Mais le parquet général a indiqué mardi à l'AFP avoir saisi la Cour de cassation pour "faire trancher une question juridique au-delà du cas d’espèce".

"Sans remettre en cause le fond du dossier, notamment l'existence à l'encontre de Bachar al-Assad d'indices graves ou concordants rendant vraisemblable" sa participation à ces attaques au gaz sarin, le parquet général estime "nécessaire que la position" de la chambre de l’instruction sur "l'immunité personnelle d'un chef d'Etat en exercice pour des infractions de cette nature, soit examinée par la plus haute juridiction de l'ordre judiciaire".

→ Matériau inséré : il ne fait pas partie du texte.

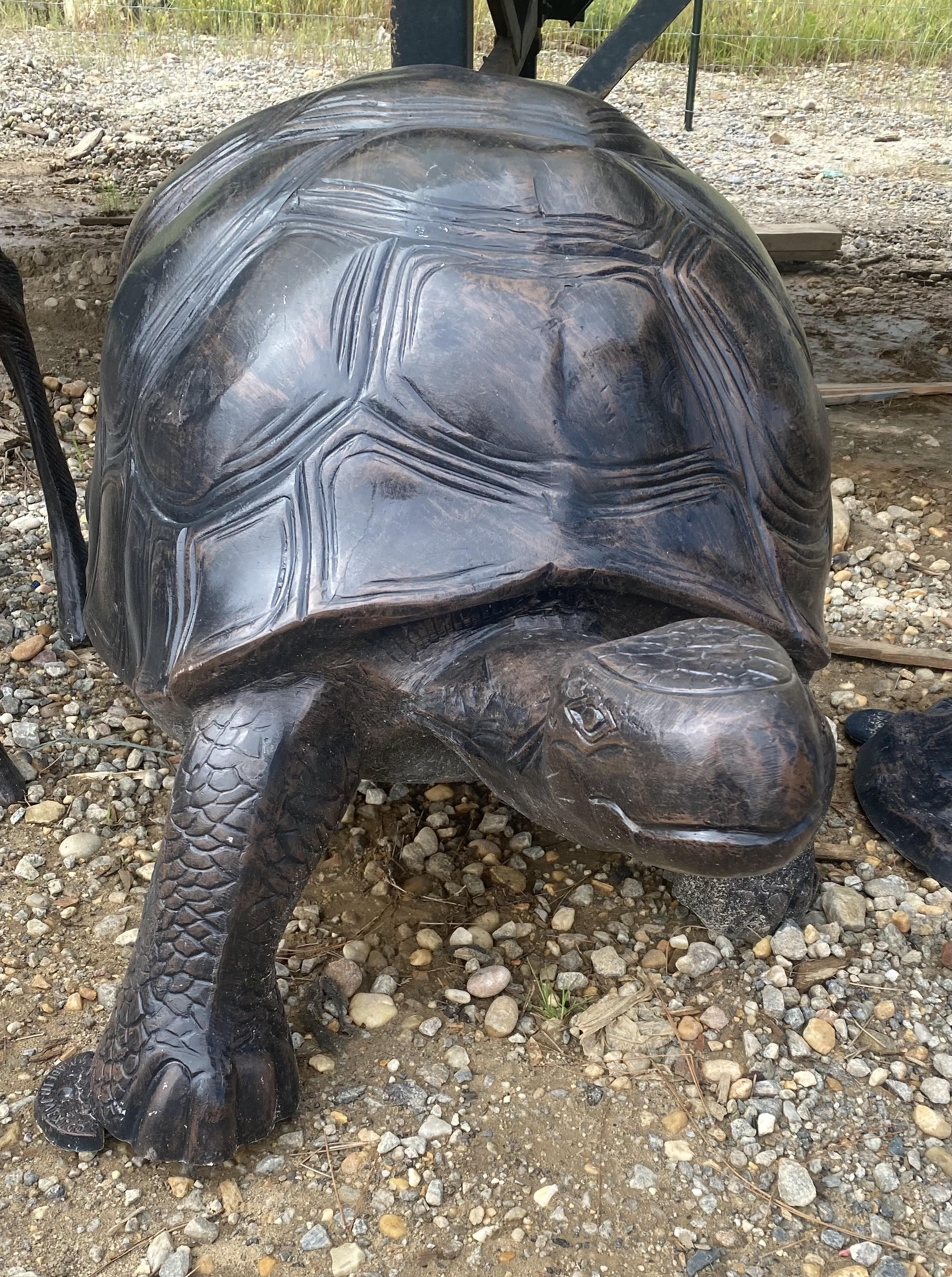 XXL Turtle(4.5 feet long)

"Cette décision n'a aucun caractère politique", a-t-il souligné.

Le recours du ministère public a néanmoins suscité l'incompréhension des parties civiles.

"Ce pourvoi menace à nouveau les efforts des victimes pour que Bachar al-Assad soit enfin jugé devant une juridiction indépendante", ont réagi Mes Jeanne Sulzer et Clémence Witt, avocates de victimes et de quatre ONG parties civiles - Centre syrien pour les médias et la liberté d'expression (SCM), Open Society Justice Initiative, Syrian Archive et Civil Rights Defenders.

Me Clémence Bectarte a fait part de l'"immense déception" des sept victimes qu'elles représente, "qui nourrissaient l'espoir que le parquet s'arrêterait là" et "se tiendrait enfin à leurs côtés".

Mazen Darwish, président du SCM, y voit une décision "politique visant à protéger les dictateurs et les criminels de guerre".

Tandis que Steve Kostas, de l'ONG Open Society Justice Initiative, a rappelé que "le gouvernement français, l'Assemblée générale et le Conseil de sécurité de l'ONU ont appelé à ce que tous les auteurs de ces attaques rendent des comptes".

Peu après les attaques de 2013, la Syrie avait rejoint l'Organisation pour l'interdiction des armes chimiques (OIAC). Mais en avril 2021, elle a été privée de ses droits de vote au sein de cette institution, après qu'une enquête l'a accusée d'être à l'origine de nouvelles attaques au gaz toxique.